Question

The atomic masses of \( ^1H = 1.673 \times 10^{-27} \, \text{kg} \) and \( ^{35}Cl = 58.06 \times 10^{-27} \, \text{kg} \). The reduced mass of HCl is:

• A. \(162.6 \times 10^{-27} \, \text{kg}\)
• B. \(16.26 \times 10^{-27} \, \text{kg}\)
• C. \(1.626 \times 10^{-27} \, \text{kg}\)
• D. \(1626 \times 10^{-27} \, \text{kg}\)

Hint:

The reduced mass is crucial for calculations involving molecular vibrations and rotational spectra.

Answer 1

The Correct Option is C

The reduced mass (\( \mu \)) of the HCl molecule is calculated using the formula: \[ \mu = \frac{m_1 m_2}{m_1 + m_2} \] where:

• \( m_1 \) (mass of \( ^1\text{H} \)): \( 1.673 \times 10^{-27} \, \text{kg} \)
• \( m_2 \) (mass of \( ^{35}\text{Cl} \)): \( 58.06 \times 10^{-27} \, \text{kg} \)

1. Step 1: Substitute Values
   \[ \mu = \frac{(1.673 \times 10^{-27} \, \text{kg}) \times (58.06 \times 10^{-27} \, \text{kg})}{1.673 \times 10^{-27} \, \text{kg} + 58.06 \times 10^{-27} \, \text{kg}} \]
2. Step 2: Calculate Numerator and Denominator
   \[ \text{Numerator} = (1.673 \times 58.06) \times 10^{-54} \, \text{kg}^2 = 97.12 \times 10^{-54} \, \text{kg}^2 \] \[ \text{Denominator} = (1.673 + 58.06) \times 10^{-27} \, \text{kg} = 59.733 \times 10^{-27} \, \text{kg} \]
3. Step 3: Calculate Reduced Mass
   \[ \mu = \frac{97.12 \times 10^{-54} \, \text{kg}^2}{59.733 \times 10^{-27} \, \text{kg}} = 1.627 \times 10^{-27} \, \text{kg} \]
4. Step 4: Round for Significant Figures
   With masses given to three significant figures: \[ \mu \approx 1.626 \times 10^{-27} \, \text{kg} \]

Conclusion:
The reduced mass of HCl is approximately \( 1.626 \times 10^{-27} \, \text{kg} \).

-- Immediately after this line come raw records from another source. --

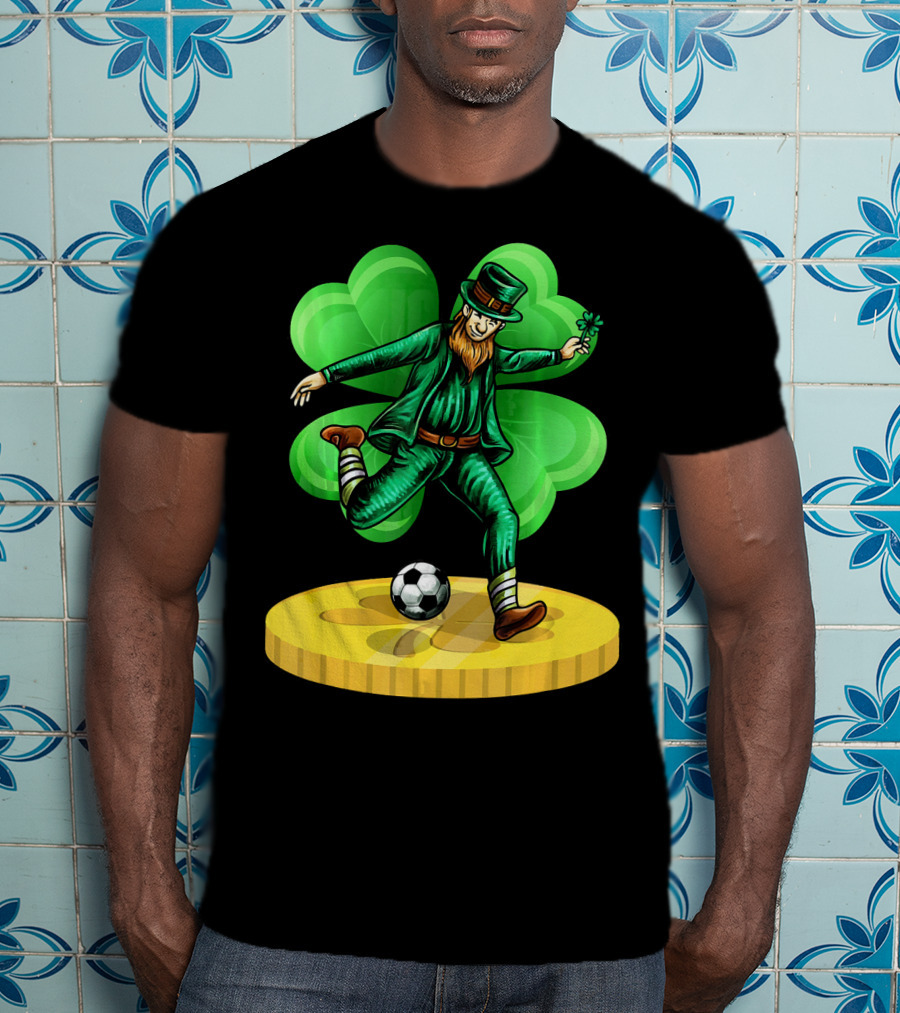 Leprechaun Kicking Soccer Ball On Gold Coin With Shamrock Background T-Shirt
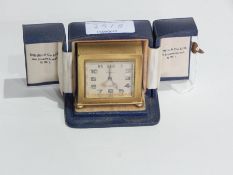 Zenith gilt metal cased travelling clock of angular form on bun feet mounted in blue leather case,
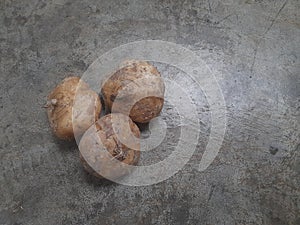 Three Fresh Jicama on a Rough Surface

The correct answer is: \[ \boxed{(1) \, 1.626 \times 10^{-27} \, \text{kg}} \] Note:
There seems to be a typo in the original options. Option (3) shows \( 1626 \times 10^{-27} \, \text{kg} \), which is significantly off. The calculated reduced mass matches option (1) or (4), both being \( 1.626 \times 10^{-27} \, \text{kg} \).